With this new rule, all crypto-related transactions in the UAE, including transfers and conversions, will no longer be subject to VAT. This change is a clear indication of the UAE’s commitment to integrating digital assets into its financial system and aligning crypto with other traditional financial services that are already VAT-free.
Market observers believe that this move will further boost crypto adoption in the UAE, which already has a higher adoption rate than the global average. The country’s progressive regulatory stance on digital assets has brought certainty to the market and attracted many users. Abdulla Al Dhaheri, CEO of the Blockchain Center in Abu Dhabi, emphasized the UAE’s commitment to innovation and building a world-leading digital economy.

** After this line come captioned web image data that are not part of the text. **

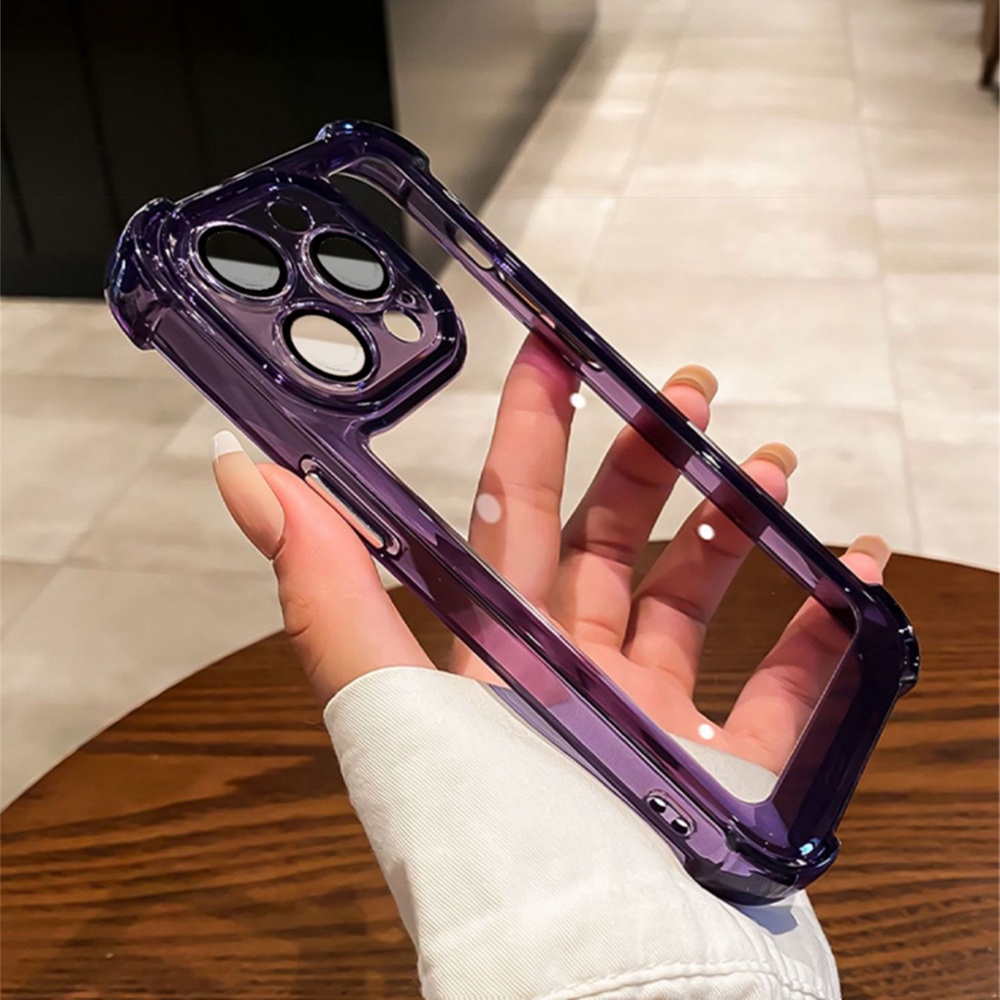 Upgrade Space Phone Case Untuk iPhone 11 Pro 12 13 14 Pro Max14 Plus Casing iPhone Xs Max XR X Cover Transparan Shockproof Dengan Pelindung Kamera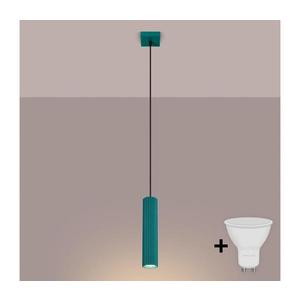 Brilagi - Lustră LED pe cablu CRESTO 1xGU10/10W/230V turcoaz imagine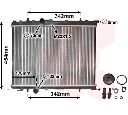 Radiator, racire motor VAN WEZEL 40002189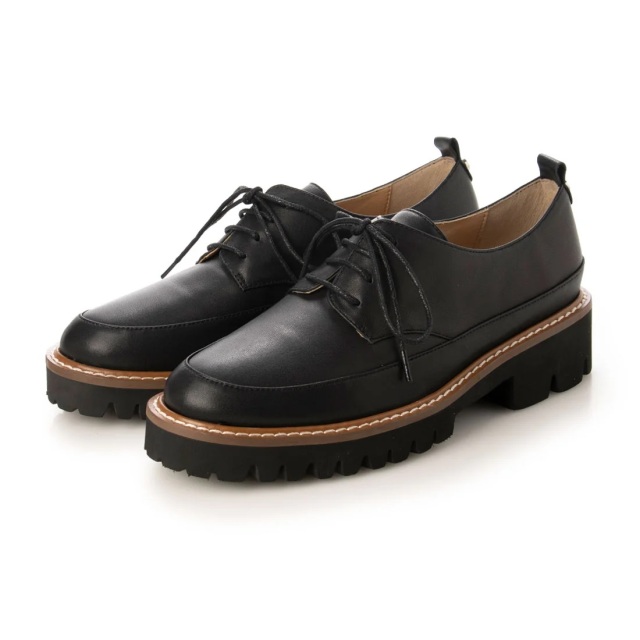【OUTLET】KISCO（キスコ）ボリュームソールブラッチャーシューズ　ブラック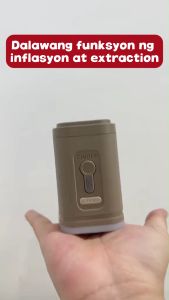 Electric Air Pump Portable Wireless Air Compressor Inflator Deflator Pumps Inflatable Cushions Air Camping Light Electric Air Pump 100LM Handheld Air Compressor USB Rechargeable 3 Lighting Modes for Inflatable Cushions Air Beds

The UAE’s proactive approach has positioned the country as a hub for decentralized finance (DeFi) and broader crypto activities. Several notable crypto firms have been drawn to the region, viewing it as a strategic gateway to expand into the Middle East. Tether, for example, announced plans to launch a stablecoin pegged to the UAE Dirham, while Ripple secured an in-principle license to operate within the UAE just last week.
Overall, the UAE’s decision to exempt crypto transactions from VAT is a significant step towards fostering a more welcoming environment for digital assets and solidifying its position as a leading player in the blockchain and cryptocurrency space.